E1 341: Probabilistic Foundations for Sequential Learning

Instructor: Shubhada Agrawal
Time: Tuesdays and Thursdays, 10:00 - 11:30 am
Room: EC 1.08
Teams group: If you have an IISc email ID, you can join the Teams group using the code: u0bhb7v

Course description: This course develops a rigorous mathematical foundation for analyzing adaptive and sequential decision-making systems. The focus is on core probabilistic tools, such as martingale theory, martingale concentration inequalities, convergence of random variables, and large deviations, which form the backbone of modern theoretical research in sequential learning.

The first part of the course introduces martingales in discrete time. Topics include filtrations, conditional expectation, stopping times, Doob decompositions, optional stopping theorems, maximal inequalities, martingale convergence theorems, discrete quadratic variation, and uniformly integrable martingales. 

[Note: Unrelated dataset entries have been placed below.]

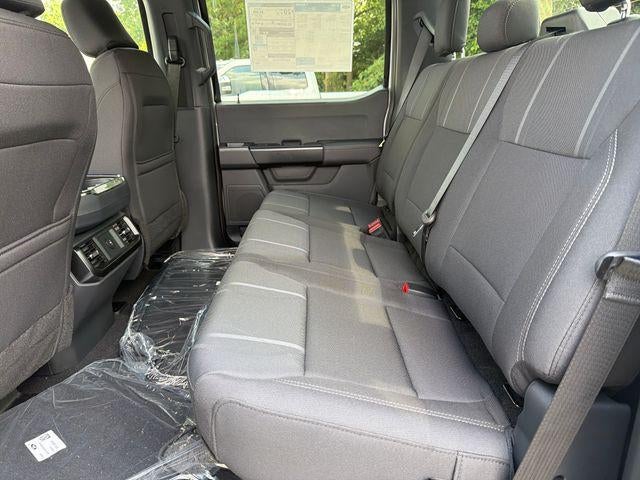 2026 Ford F-150 STX 4WD SuperCrew 5.5' Box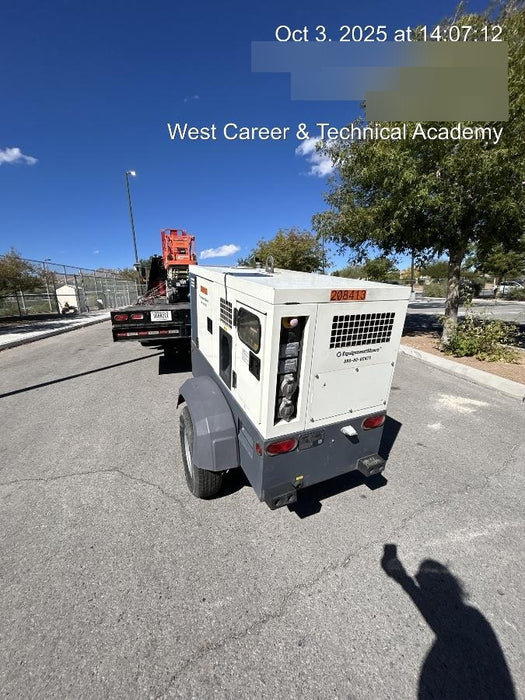 2022 ATLAS COPCO QAS45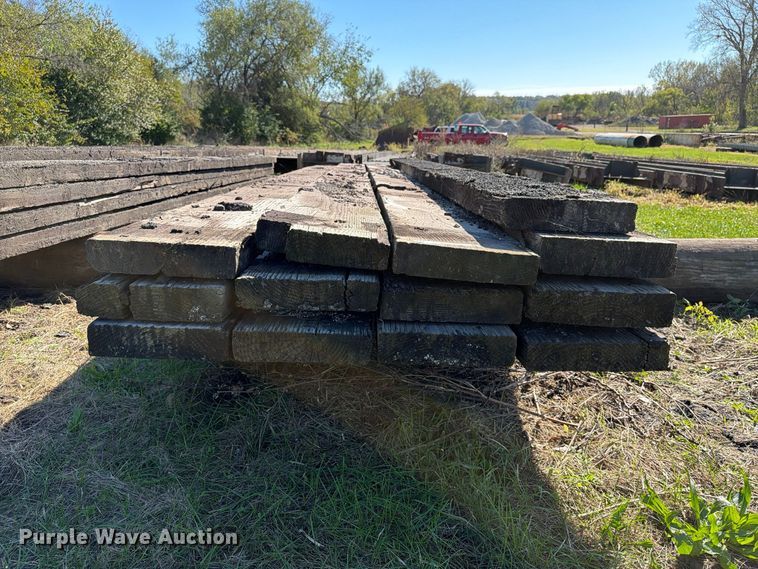 image for item EX1106 (27) bridge planks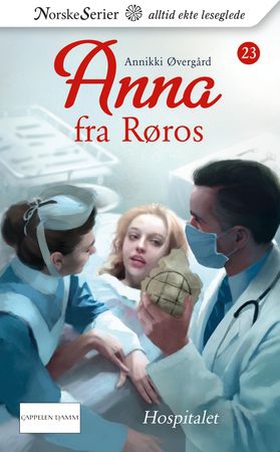 Hospitalet (ebok) av Annikki Øvergård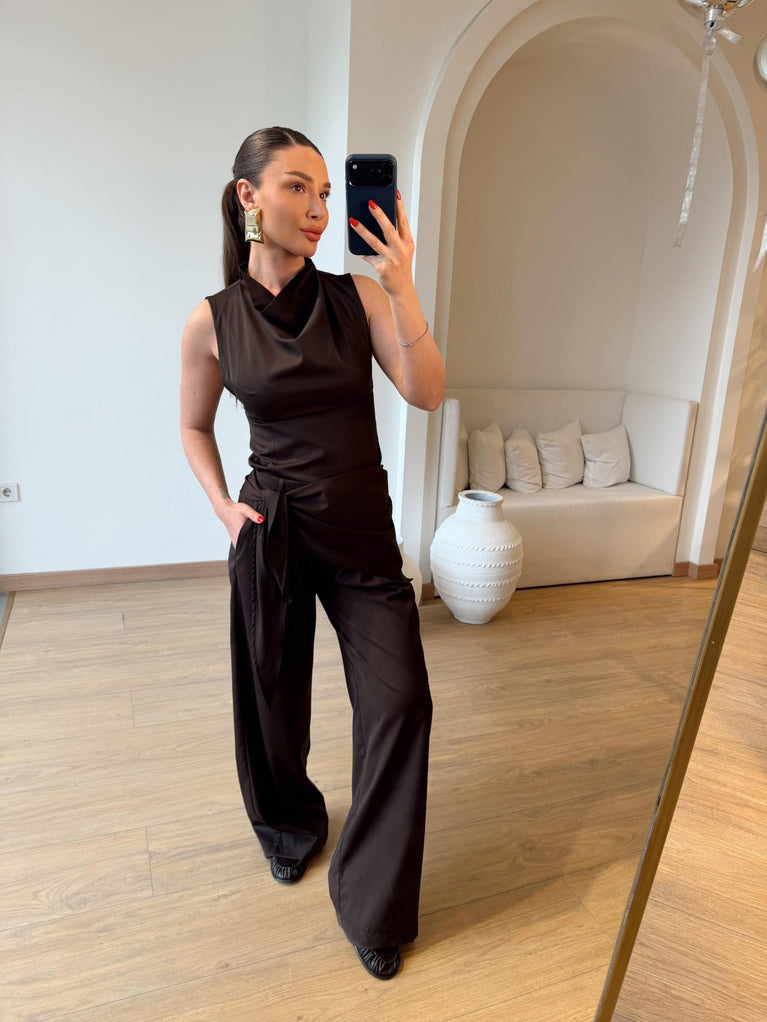 Flow Scarf Pants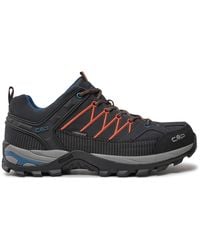 CMP - Trekkingschuhe Rigel Low Wp 3Q13247 - Lyst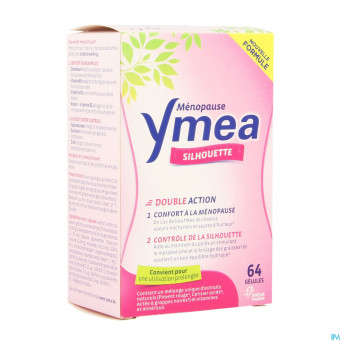 Ymea silhouet nf    caps  64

In the second part, we explore applications of martingale theory to concentration and sequential analysis. Topics include Ville’s inequality, time-uniform bounds, mixture martingales, and confidence sequences. We will cover a unified derivation of a wide variety of new and old time-uniform concentration inequalities using martingales. We will also touch upon self-normalized exponential concentration inequalities.

The third part will introduce the theory of large deviations. We will examine Cramer’s and Chernoff bounds, rate functions, tilted distributions, Gartner-Ellis theory, and Sanov-type principles.

Pre-requisite: Random Processes (E2 202) and Analysis-1 (MA 221), or equivalent background.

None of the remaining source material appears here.